— Material provided —
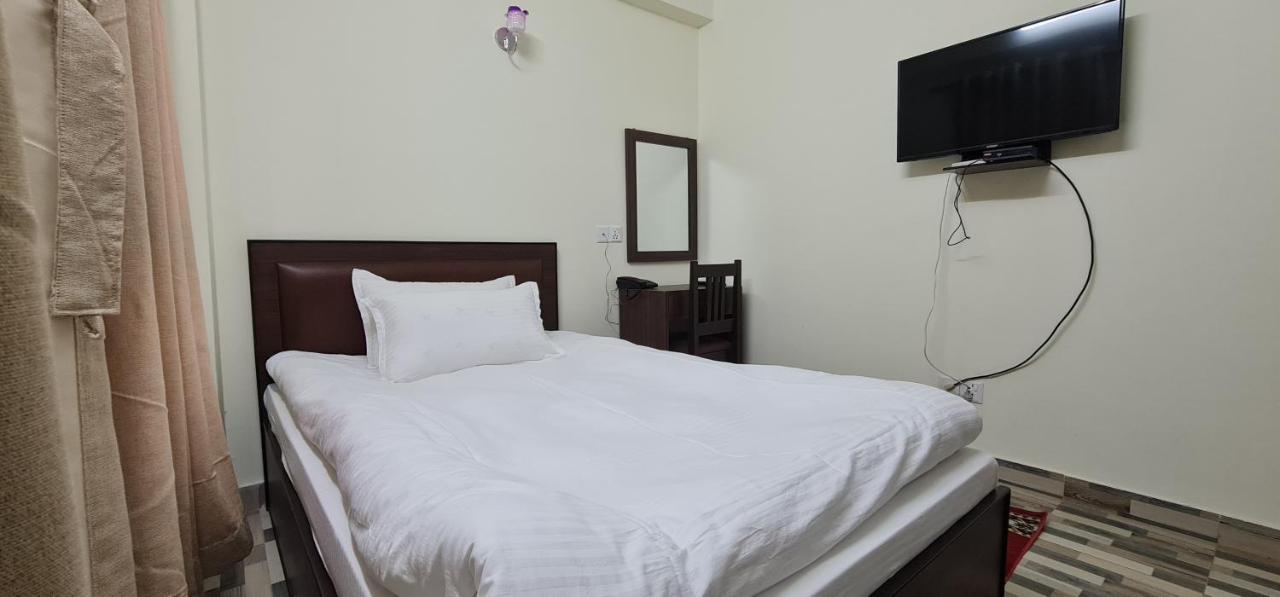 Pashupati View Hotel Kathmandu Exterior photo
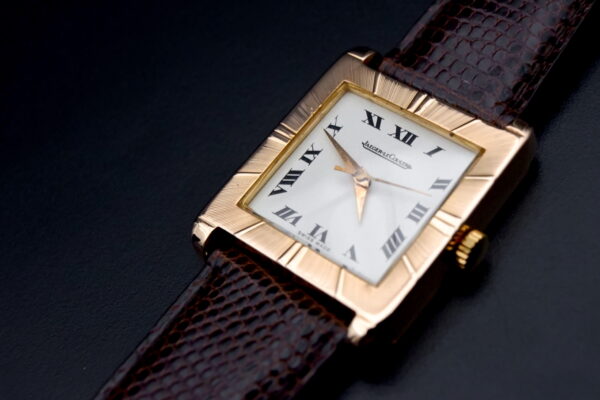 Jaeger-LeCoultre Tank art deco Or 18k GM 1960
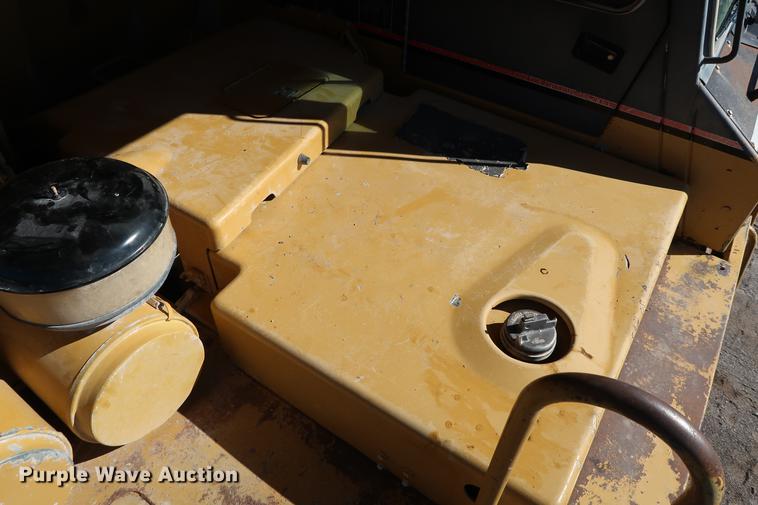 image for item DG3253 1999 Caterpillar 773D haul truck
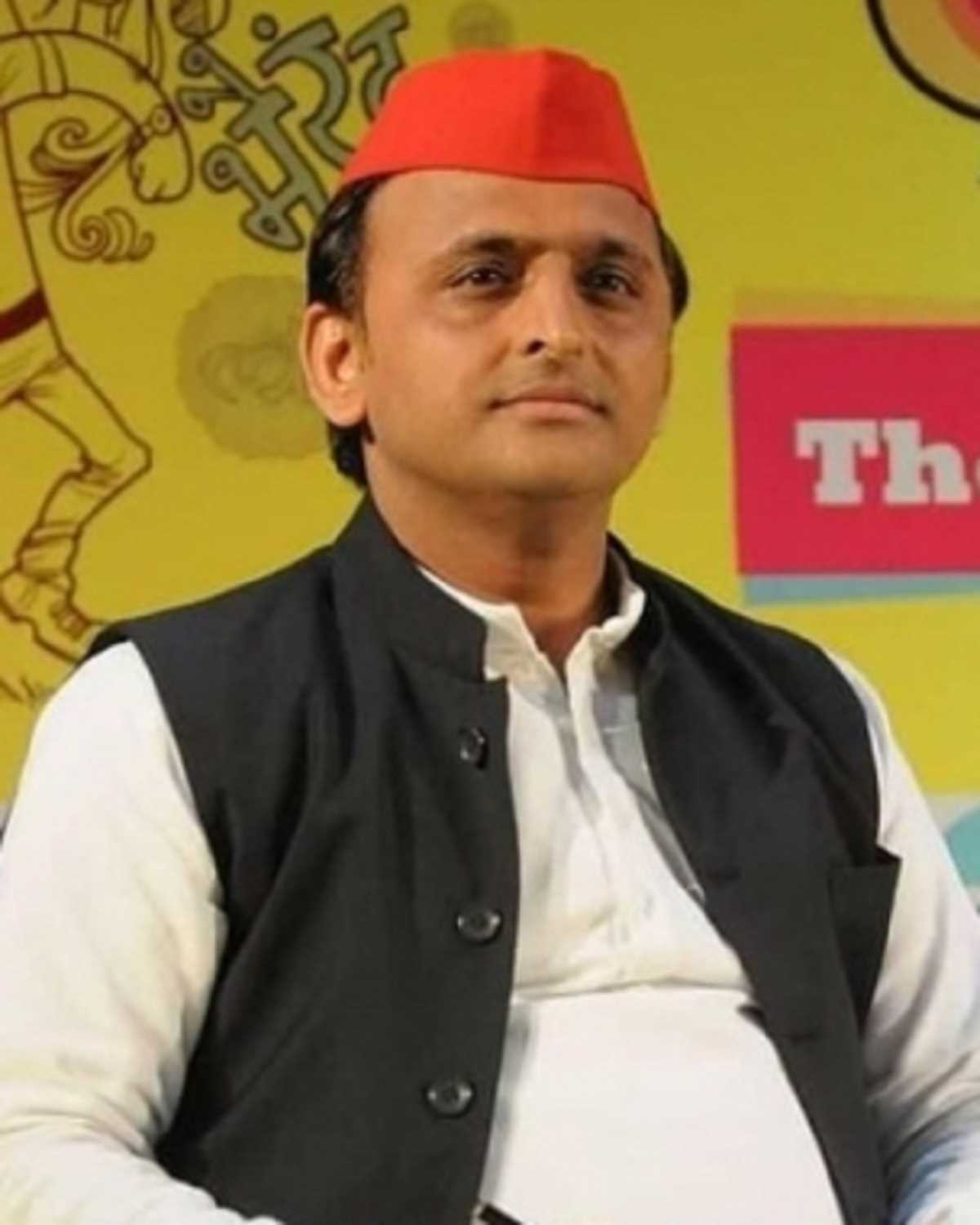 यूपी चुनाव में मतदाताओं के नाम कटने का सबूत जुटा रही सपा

— Assignment —
For the material above, give every line again exactly and leave out the pictures.

— Task result —
 Pashupati View Hotel Kathmandu Exterior photo
 Jaeger-LeCoultre Tank art deco Or 18k GM 1960
 image for item DG3253 1999 Caterpillar 773D haul truck
 यूपी चुनाव में मतदाताओं के नाम कटने का सबूत जुटा रही सपा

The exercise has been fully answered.